Directions: Without the images, write out the entries word for word.

+ + +

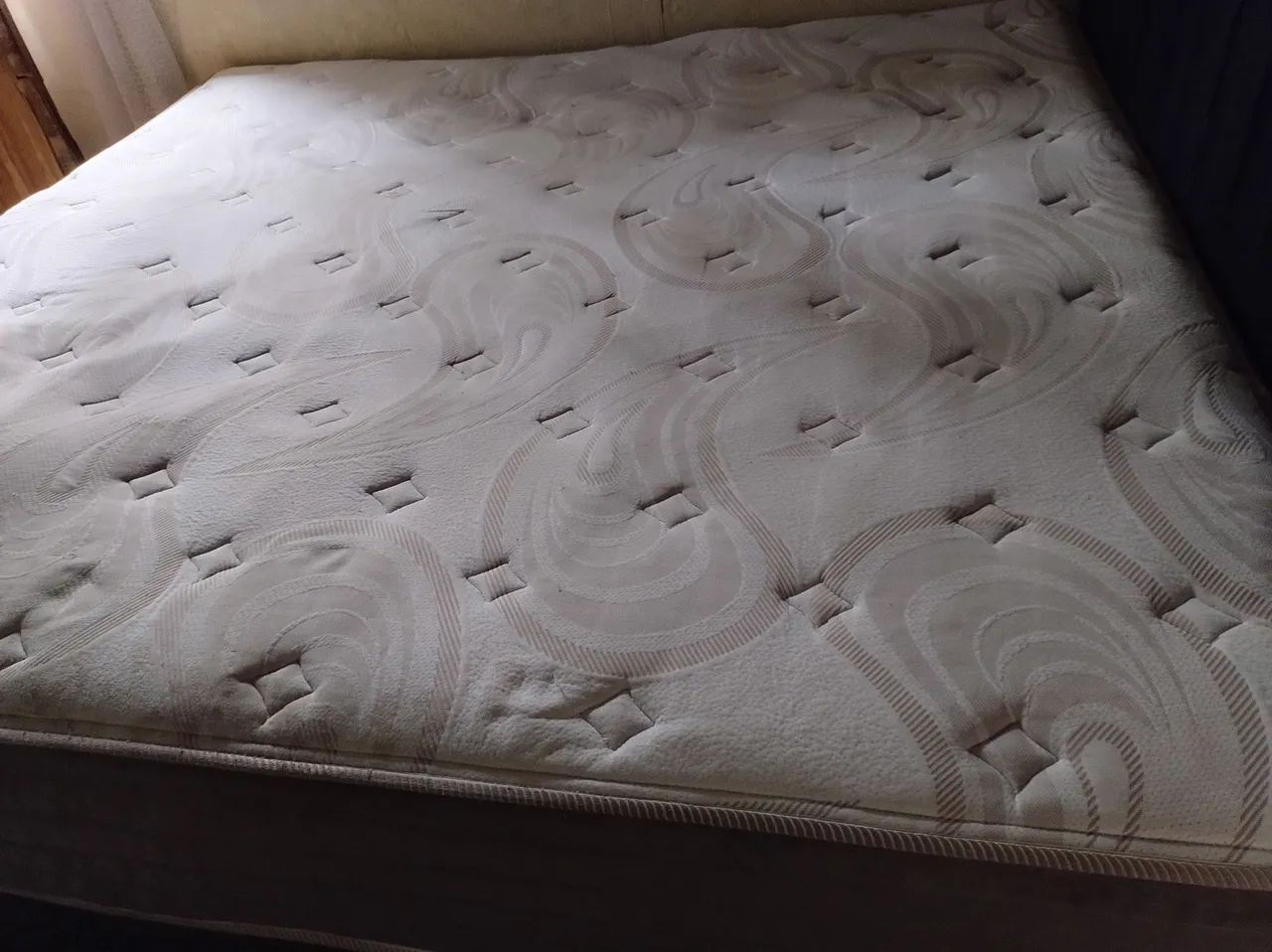 cama king completa sem detalhes 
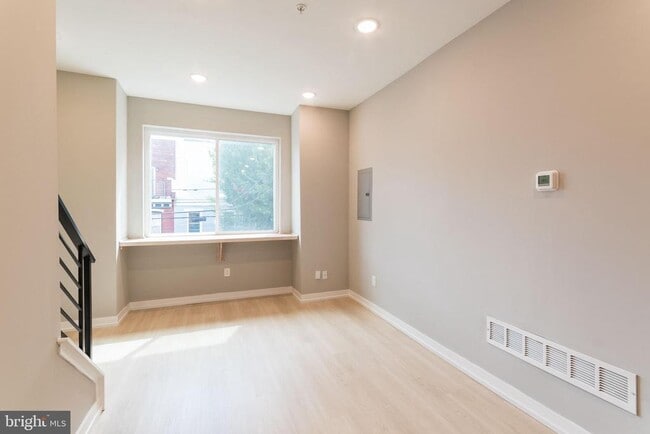 Building Photo - 2428 Jasper St Rental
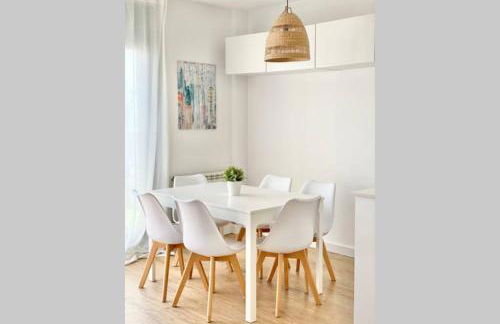 Ático con Vistas al Mar a un Paso del Centro - Foto 65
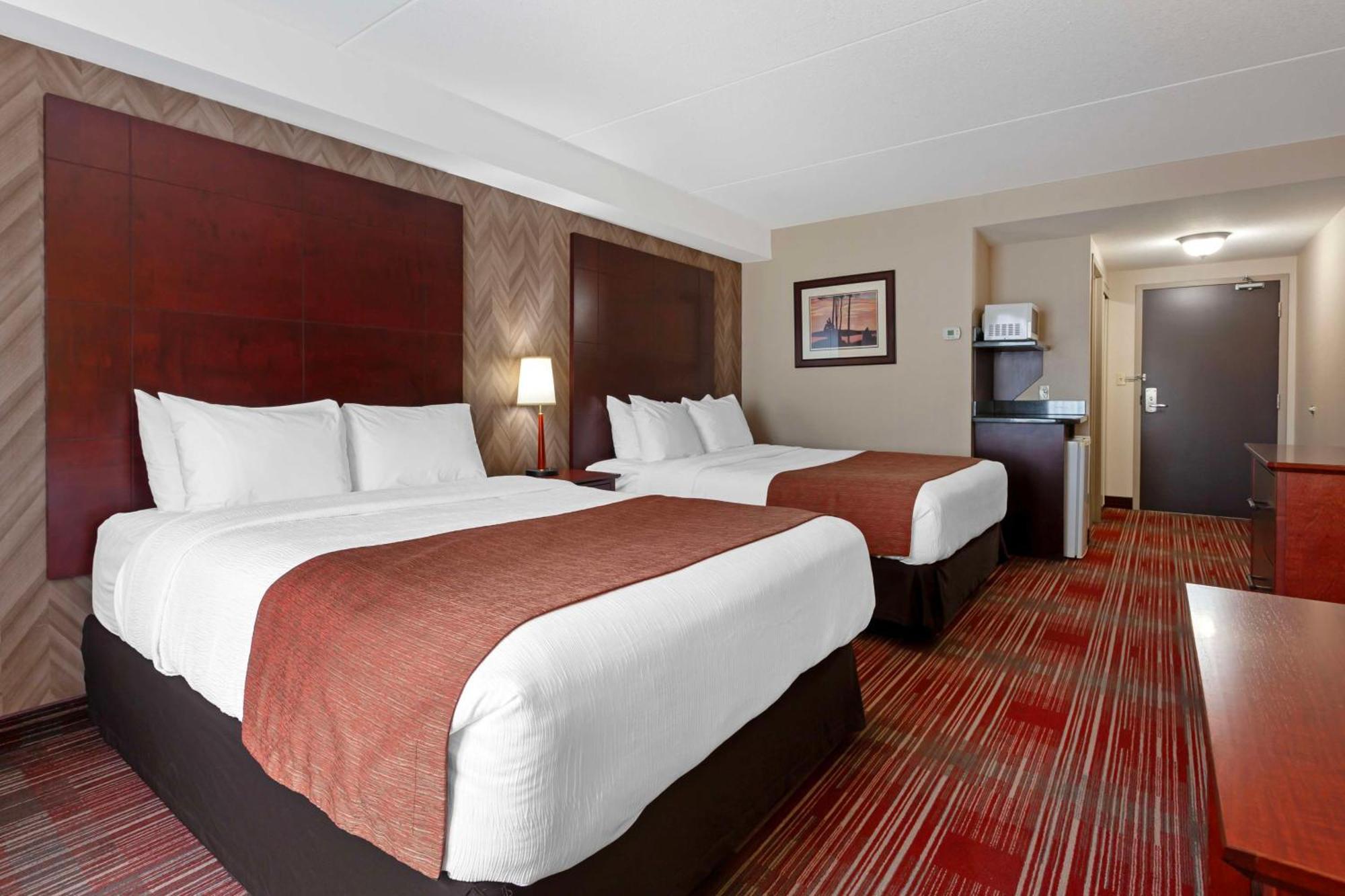 Best Western Plus Muskoka Inn Huntsville Exterior photo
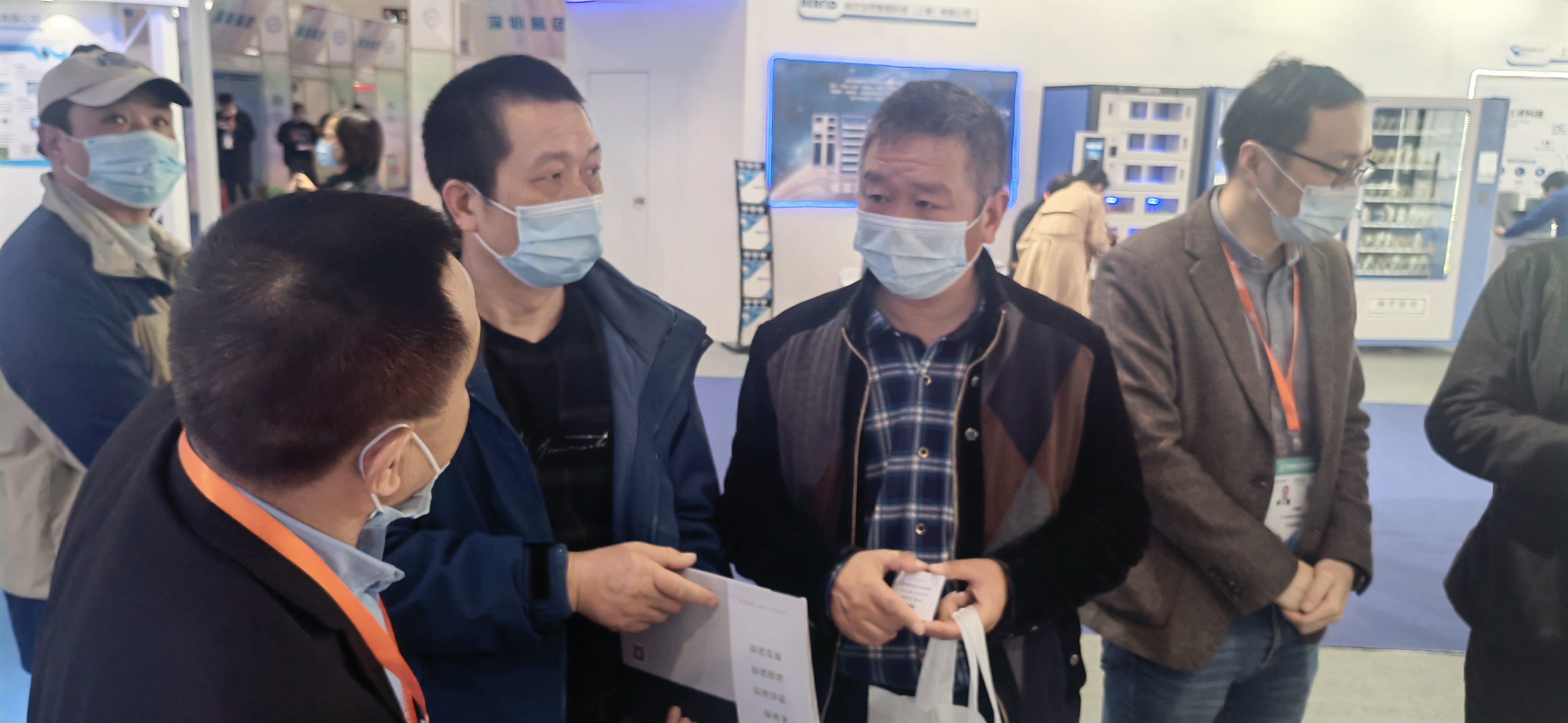 岳乾激光首秀第八届中国（上海）国际技术进出口交易会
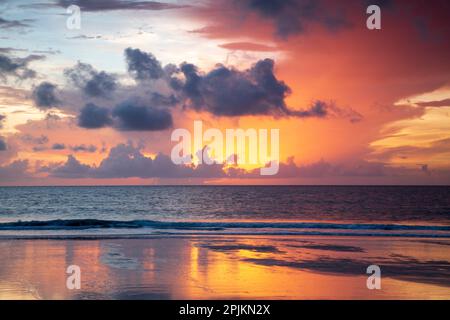 USA, Georgia, Tybee Island. Alba con riflessi e nuvole. Foto Stock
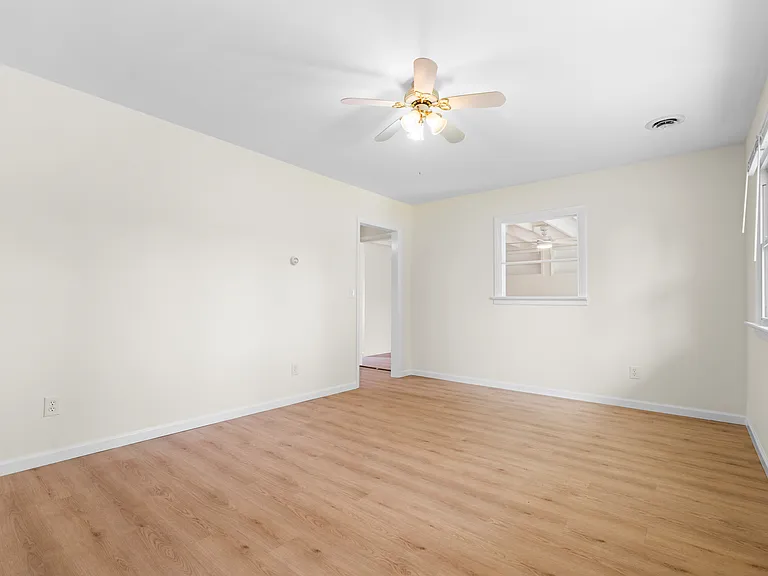 2389 Jefferson Hwy — Photo 5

+ + +

Result for this task:
 cama king completa sem detalhes 
 Building Photo - 2428 Jasper St Rental
 Ático con Vistas al Mar a un Paso del Centro - Foto 65
 Best Western Plus Muskoka Inn Huntsville Exterior photo
 岳乾激光首秀第八届中国（上海）国际技术进出口交易会
 USA, Georgia, Tybee Island. Alba con riflessi e nuvole. Foto Stock
 2389 Jefferson Hwy — Photo 5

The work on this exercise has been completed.